Prompt:
What you give back should match the records word for word.
═══ Data for the task ═══
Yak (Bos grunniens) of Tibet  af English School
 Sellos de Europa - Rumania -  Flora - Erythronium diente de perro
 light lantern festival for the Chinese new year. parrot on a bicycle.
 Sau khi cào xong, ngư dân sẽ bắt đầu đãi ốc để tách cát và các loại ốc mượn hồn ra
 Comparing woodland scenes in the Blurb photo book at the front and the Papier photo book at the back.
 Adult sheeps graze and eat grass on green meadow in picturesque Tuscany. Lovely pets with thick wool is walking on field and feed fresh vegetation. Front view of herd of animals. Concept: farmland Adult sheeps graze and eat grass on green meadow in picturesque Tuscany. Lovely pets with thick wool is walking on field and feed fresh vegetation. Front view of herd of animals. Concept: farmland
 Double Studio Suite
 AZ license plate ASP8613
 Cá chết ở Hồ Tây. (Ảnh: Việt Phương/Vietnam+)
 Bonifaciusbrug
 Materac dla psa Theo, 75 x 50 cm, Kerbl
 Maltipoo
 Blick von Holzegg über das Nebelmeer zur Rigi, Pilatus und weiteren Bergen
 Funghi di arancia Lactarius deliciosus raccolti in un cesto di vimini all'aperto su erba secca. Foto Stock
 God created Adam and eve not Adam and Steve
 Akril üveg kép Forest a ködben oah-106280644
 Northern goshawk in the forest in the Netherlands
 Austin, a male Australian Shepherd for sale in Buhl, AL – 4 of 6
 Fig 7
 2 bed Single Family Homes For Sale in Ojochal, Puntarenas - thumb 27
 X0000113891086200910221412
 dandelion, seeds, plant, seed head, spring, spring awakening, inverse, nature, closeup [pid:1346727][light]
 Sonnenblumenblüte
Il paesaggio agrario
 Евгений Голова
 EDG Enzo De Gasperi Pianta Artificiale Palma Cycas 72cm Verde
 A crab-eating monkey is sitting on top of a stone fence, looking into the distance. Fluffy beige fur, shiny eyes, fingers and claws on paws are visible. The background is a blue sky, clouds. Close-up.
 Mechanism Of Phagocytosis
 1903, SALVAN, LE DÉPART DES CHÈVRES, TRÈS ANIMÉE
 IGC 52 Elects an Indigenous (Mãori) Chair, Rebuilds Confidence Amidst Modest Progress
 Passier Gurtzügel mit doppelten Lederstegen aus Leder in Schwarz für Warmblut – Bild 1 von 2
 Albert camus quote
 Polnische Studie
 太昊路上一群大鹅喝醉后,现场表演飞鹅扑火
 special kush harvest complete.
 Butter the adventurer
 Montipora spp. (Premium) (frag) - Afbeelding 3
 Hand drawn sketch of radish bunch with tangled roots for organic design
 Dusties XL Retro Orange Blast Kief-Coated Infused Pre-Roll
═══
Task response:
Yak (Bos grunniens) of Tibet  af English School
 Sellos de Europa - Rumania -  Flora - Erythronium diente de perro
 light lantern festival for the Chinese new year. parrot on a bicycle.
 Sau khi cào xong, ngư dân sẽ bắt đầu đãi ốc để tách cát và các loại ốc mượn hồn ra
 Comparing woodland scenes in the Blurb photo book at the front and the Papier photo book at the back.
 Adult sheeps graze and eat grass on green meadow in picturesque Tuscany. Lovely pets with thick wool is walking on field and feed fresh vegetation. Front view of herd of animals. Concept: farmland Adult sheeps graze and eat grass on green meadow in picturesque Tuscany. Lovely pets with thick wool is walking on field and feed fresh vegetation. Front view of herd of animals. Concept: farmland
 Double Studio Suite
 AZ license plate ASP8613
 Cá chết ở Hồ Tây. (Ảnh: Việt Phương/Vietnam+)
 Bonifaciusbrug
 Materac dla psa Theo, 75 x 50 cm, Kerbl
 Maltipoo
 Blick von Holzegg über das Nebelmeer zur Rigi, Pilatus und weiteren Bergen
 Funghi di arancia Lactarius deliciosus raccolti in un cesto di vimini all'aperto su erba secca. Foto Stock
 God created Adam and eve not Adam and Steve
 Akril üveg kép Forest a ködben oah-106280644
 Northern goshawk in the forest in the Netherlands
 Austin, a male Australian Shepherd for sale in Buhl, AL – 4 of 6
 Fig 7
 2 bed Single Family Homes For Sale in Ojochal, Puntarenas - thumb 27
 X0000113891086200910221412
 dandelion, seeds, plant, seed head, spring, spring awakening, inverse, nature, closeup [pid:1346727][light]
 Sonnenblumenblüte
Il paesaggio agrario
 Евгений Голова
 EDG Enzo De Gasperi Pianta Artificiale Palma Cycas 72cm Verde
 A crab-eating monkey is sitting on top of a stone fence, looking into the distance. Fluffy beige fur, shiny eyes, fingers and claws on paws are visible. The background is a blue sky, clouds. Close-up.
 Mechanism Of Phagocytosis
 1903, SALVAN, LE DÉPART DES CHÈVRES, TRÈS ANIMÉE
 IGC 52 Elects an Indigenous (Mãori) Chair, Rebuilds Confidence Amidst Modest Progress
 Passier Gurtzügel mit doppelten Lederstegen aus Leder in Schwarz für Warmblut – Bild 1 von 2
 Albert camus quote
 Polnische Studie
 太昊路上一群大鹅喝醉后,现场表演飞鹅扑火
 special kush harvest complete.
 Butter the adventurer
 Montipora spp. (Premium) (frag) - Afbeelding 3
 Hand drawn sketch of radish bunch with tangled roots for organic design
 Dusties XL Retro Orange Blast Kief-Coated Infused Pre-Roll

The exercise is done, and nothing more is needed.